Although the High Court had treated "immunity" as a discrete concept, the Court of Appeal held that there was in fact no separate doctrine of English business or property law called "immunity". Instead, the concept of immunity flowing from an approval decision was most easily understood as the bar on subsequent proceedings that results from the relevant category of res judicata (an issue estoppel)7. If the Court hearing the approval application determined a particular issue as a step in deciding to give its approval, that will operate as a bar to a party to the application (or a related party) seeking to relitigate that issue in subsequent proceedings against the trustee or officeholder.
Approval does not give rise to blanket protection for trustees and officeholders; it depends upon the issues decided on the approval application and the parties who were before the Court: There is no blanket rule of law that the Court's approval of a transaction automatically generates full immunity in all respects concerning the transaction; the Court is "not a sanctuary or bomb shelter" for officeholders8.
The scope of any subsequent immunity will be fact sensitive: it will depend upon the specific nature of the question(s) before the Court on the approval application and of any answer(s) given by that Court. The extent to which the Court will determine issues will vary from case to case and may depend, for instance, upon:
- The identity of the applicant (eg are they a professional trustee or officeholder, or an unpaid family trustee).
- The reasons why the proposed decision is said to be "momentous" (eg is it a disposal of a hugely valuable or sensitive asset, or does it involve acute allegations of conflict of interest).
- The nature of the legal or evidential inquiry that would be involved (eg resolution of a difficult question of law or review of complex expert evidence and reaching a factual conclusion).The Court asked to review a transaction in advance might find it inappropriate to embark on a lengthy and detailed fact-finding process better suited to a trial.
In considering the scope of the protection afforded by an approval from the Court against subsequent claims, it is necessary to compare the issues determined (or which could and should have been determined) in the earlier proceedings and those raised in the subsequent claim, not the precise juridical origins (eg common law or equity) of the applicant's duties or the subsequent cause of action.
There will be no protection from future claims (in any substantive sense) unless the claimant in the second set of proceedings was also a party to the approval application. This is the underlying reason why, for example, trustees seeking approval to a proposed transaction will join all potentially interested beneficiaries, or, if that is not practical, seek the appointment of representative beneficiaries so that the interests of beneficiaries are represented before the Court9.

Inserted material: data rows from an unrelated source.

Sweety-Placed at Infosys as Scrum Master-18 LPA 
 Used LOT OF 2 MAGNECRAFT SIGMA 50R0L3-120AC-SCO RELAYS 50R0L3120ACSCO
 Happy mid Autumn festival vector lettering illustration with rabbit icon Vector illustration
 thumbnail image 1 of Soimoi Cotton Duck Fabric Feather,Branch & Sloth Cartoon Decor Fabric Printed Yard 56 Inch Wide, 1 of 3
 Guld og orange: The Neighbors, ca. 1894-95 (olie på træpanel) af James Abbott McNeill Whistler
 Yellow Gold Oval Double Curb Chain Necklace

However, if trustees or officeholders advertise their intention to seek approval for a "momentous" decision, so that beneficiaries or creditors have the opportunity to attend and be heard, then they will undoubtedly have a better prospect of persuading a Court that a subsequent claim by a beneficiary or creditor would be an abuse of process.
Guidance for future approval applications: The Court of Appeal suggested that, in the context of future approval applications such as this, parties should invite the Court to identify in the judgment the issues which it is deciding and the type of future claims which would or would not be barred.
9 Re Merchant Navy Ratings Pension Fund  EWHC 448 (Ch) at -.